Please retype the listing below exactly as it stands, skipping any pictures.

» **Data provided**:
=== Section Start ===

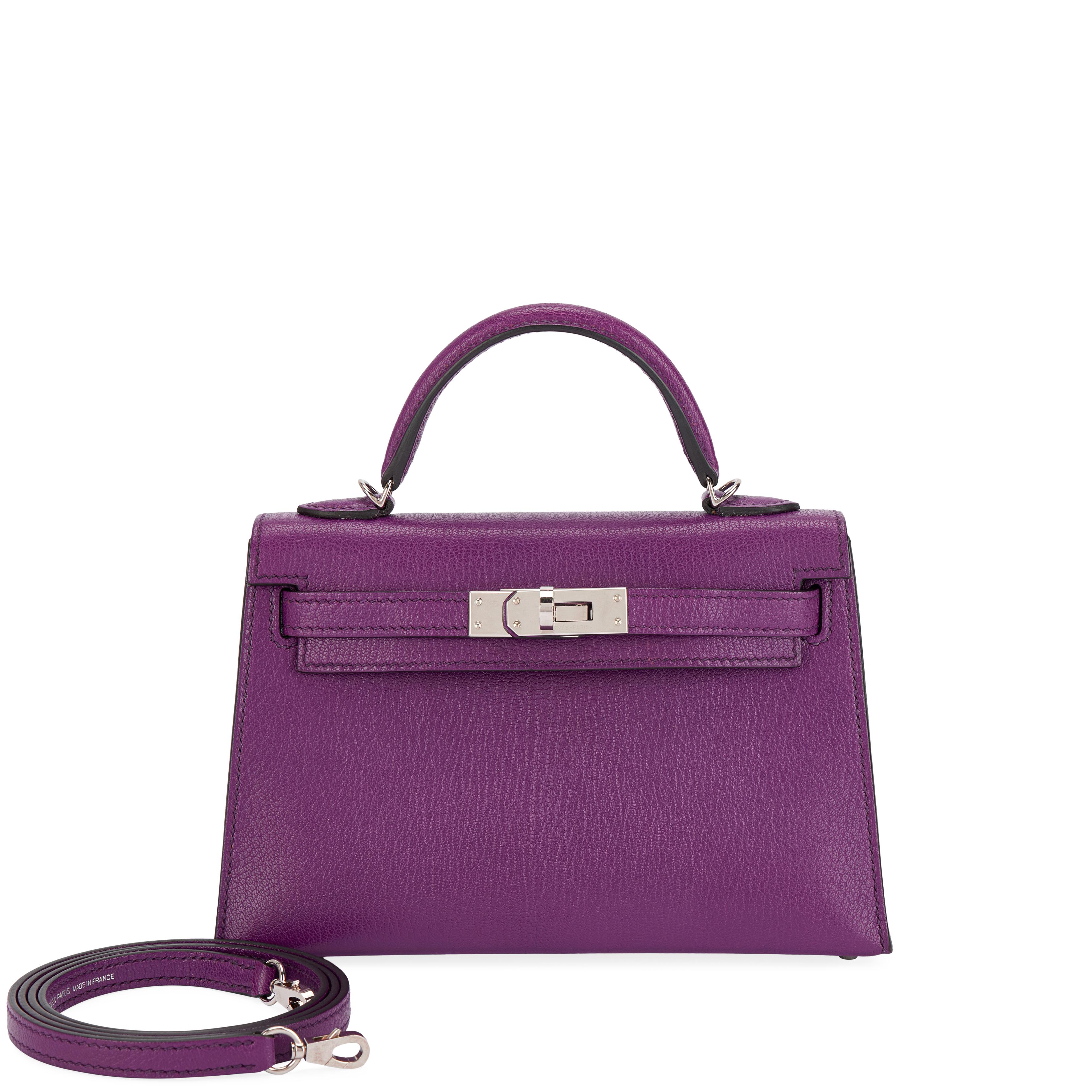 希少★【新品未使用】HERMES(エルメス)ハット　パープル　anemone Hermès Anemone Chèvre Mini Kelly II 20 Palladium Hardware, 2021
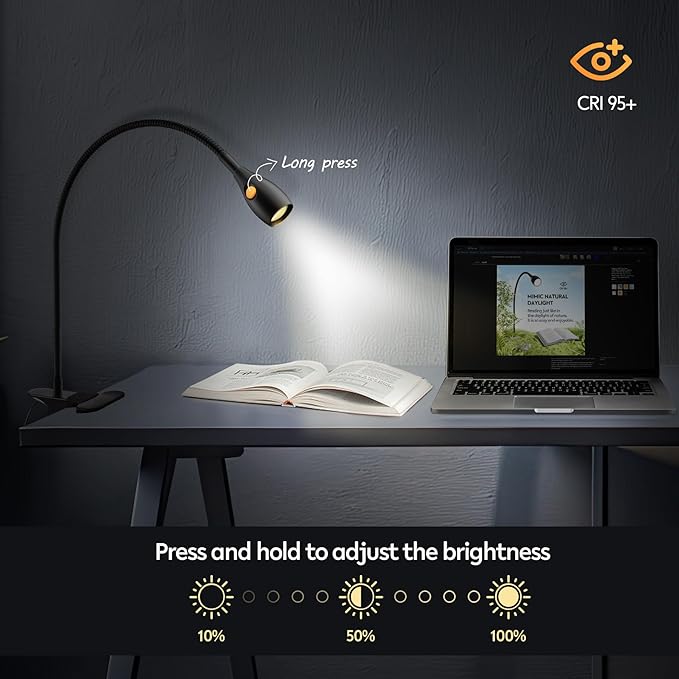 acegoo Minimalist Reading Light for Bed Headboard Dimmable Book Light Clip on Lamp with USB-C Adapter, Flexible Neck & Handy Lamp Head Switch, CRI 90+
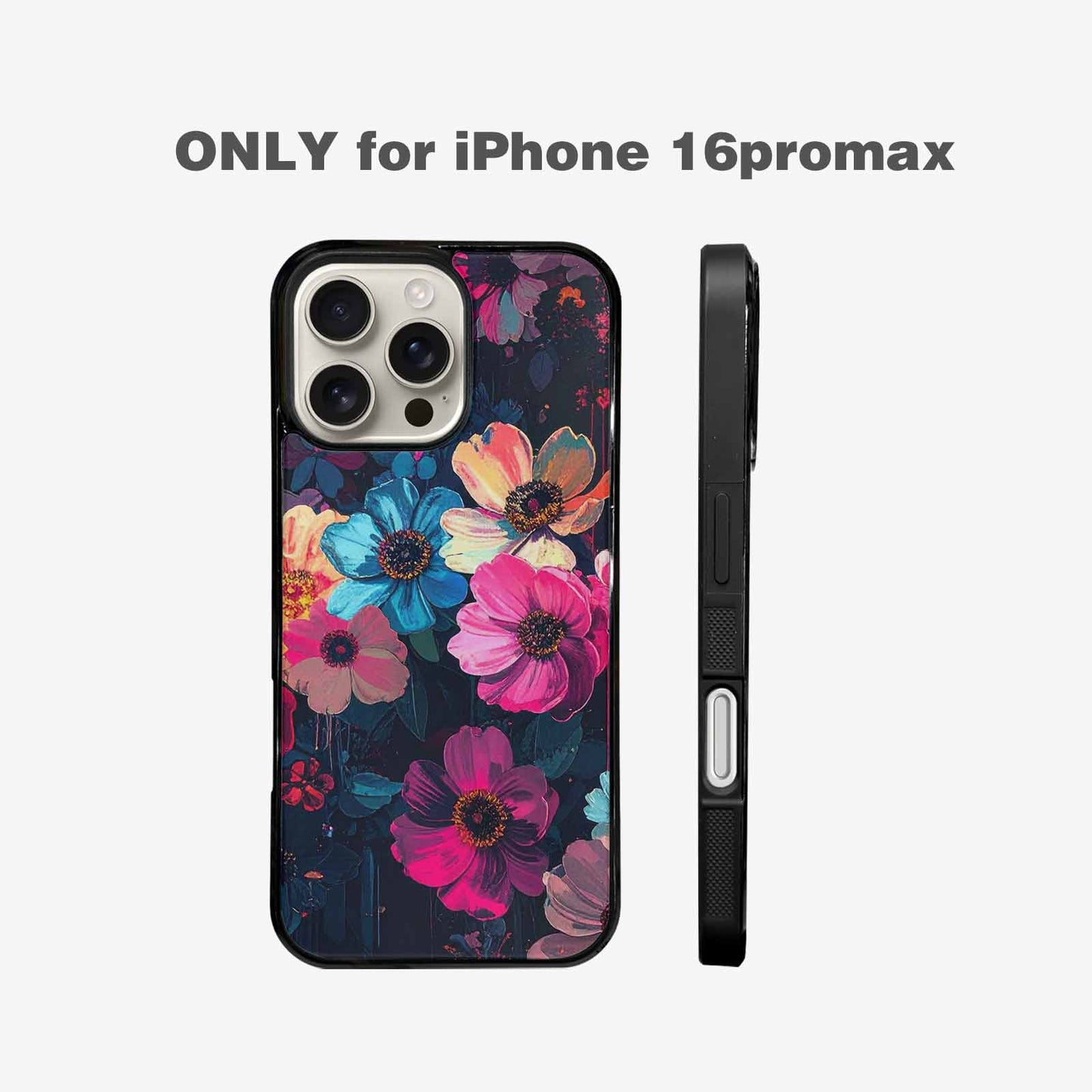 iPhone 16 Pro Max Case — Shadowy Glitch Floral Pattern Hundreds Of, Custom Print Case Cover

=== Section End ===

» **The completed task**:
 希少★【新品未使用】HERMES(エルメス)ハット　パープル　anemone Hermès Anemone Chèvre Mini Kelly II 20 Palladium Hardware, 2021
 acegoo Minimalist Reading Light for Bed Headboard Dimmable Book Light Clip on Lamp with USB-C Adapter, Flexible Neck & Handy Lamp Head Switch, CRI 90+
 iPhone 16 Pro Max Case — Shadowy Glitch Floral Pattern Hundreds Of, Custom Print Case Cover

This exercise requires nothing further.